The DPD’s report, however, takes note of the unanswered question about what prompted the cops to approach Clark that afternoon. “The investigations are ongoing and, as they develop, are expected to uncover details which have yet to be determined such as how the encounter evolved,” it says.

But why, if the cops just wanted to chat, would Clark instigate a struggle? The DPD might point to the “loaded Smith & Wesson 9 mm handgun found lying on the ground next to Clark” or the “white rock-like substance wrapped in a plastic bag” that “fell out of Clark’s pants” while he was being treated by emergency medical personnel, or even the plastic bag containing a “green leafy substance” that medical examiners found in the shorts under Clark’s jeans, according to the five-day report.

Hall, the attorney, isn’t sold on the notion that the gun found next to Clark was his or that it had been fired. At a press conference November 29, he demanded that law enforcement test the firearm for fingerprints and DNA and asked that gunshot residue tests be conducted on Clark’s hands. The autopsy made no note of residue on Clark’s corpse, and the DPD has released no information about whether a shell casing from the shot Barkley says he heard was ever found.

“Where is this mysterious gunshot?” Hall said.

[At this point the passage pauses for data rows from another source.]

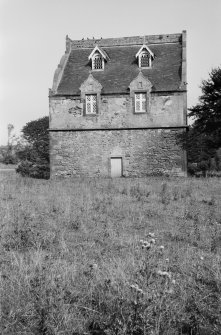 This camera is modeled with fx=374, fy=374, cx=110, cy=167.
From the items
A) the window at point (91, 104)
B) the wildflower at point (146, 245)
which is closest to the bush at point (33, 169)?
the window at point (91, 104)

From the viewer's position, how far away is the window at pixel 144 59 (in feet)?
103

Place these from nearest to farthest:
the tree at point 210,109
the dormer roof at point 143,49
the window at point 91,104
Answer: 1. the tree at point 210,109
2. the window at point 91,104
3. the dormer roof at point 143,49

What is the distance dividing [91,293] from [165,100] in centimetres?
2580

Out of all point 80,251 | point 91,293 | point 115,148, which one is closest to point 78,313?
point 91,293

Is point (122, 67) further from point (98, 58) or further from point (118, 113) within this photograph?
point (118, 113)

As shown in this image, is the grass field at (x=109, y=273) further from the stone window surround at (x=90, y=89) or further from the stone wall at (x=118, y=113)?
the stone window surround at (x=90, y=89)

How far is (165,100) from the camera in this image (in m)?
29.3

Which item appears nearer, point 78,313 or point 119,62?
point 78,313

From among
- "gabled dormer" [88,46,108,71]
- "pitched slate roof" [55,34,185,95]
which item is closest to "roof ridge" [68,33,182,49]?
"pitched slate roof" [55,34,185,95]

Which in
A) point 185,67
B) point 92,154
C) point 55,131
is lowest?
point 92,154

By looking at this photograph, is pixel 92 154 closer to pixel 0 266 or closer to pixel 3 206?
pixel 3 206

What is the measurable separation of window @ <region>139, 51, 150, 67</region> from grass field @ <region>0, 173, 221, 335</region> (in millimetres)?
22454

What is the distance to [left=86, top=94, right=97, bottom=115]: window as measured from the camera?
30.4 meters

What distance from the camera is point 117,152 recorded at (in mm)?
29812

It’s unclear what, if any, questions the personnel files of the three officers involved in Clark’s shooting would answer. But the documents would speak to why the DPD suspended Southerland in March 2016 and Barkley in 2014. In addition, files from an internal investigation into the actions taken against the Alston family by Barkley, Southerland, and Goss in 2014, when the three were accused of excessive force after intervening in a nonviolent family argument, could shed light into the mentality of men numerous Durham residents have accused of less-than-professional behavior.

Ian Mance, another SCSJ attorney, says the Alston incident—in which the officers allegedly threw Sheila Alston to the ground and tased her son and fifteen-year-old grandson—should have been enough to ensure that they were taken off the streets.

“We have had many conversations with the city of Durham, specifically the Durham Police Department, about these very officers, and we stated in no uncertain terms a year and a half ago that we believed these officers represented a threat to this community,” Mance told the INDY.

Whether those records will remain under seal—North Carolina is one of just eighteen states that exempt law enforcement records from public review, according to a 2010 National Association of Counties report—remains unclear.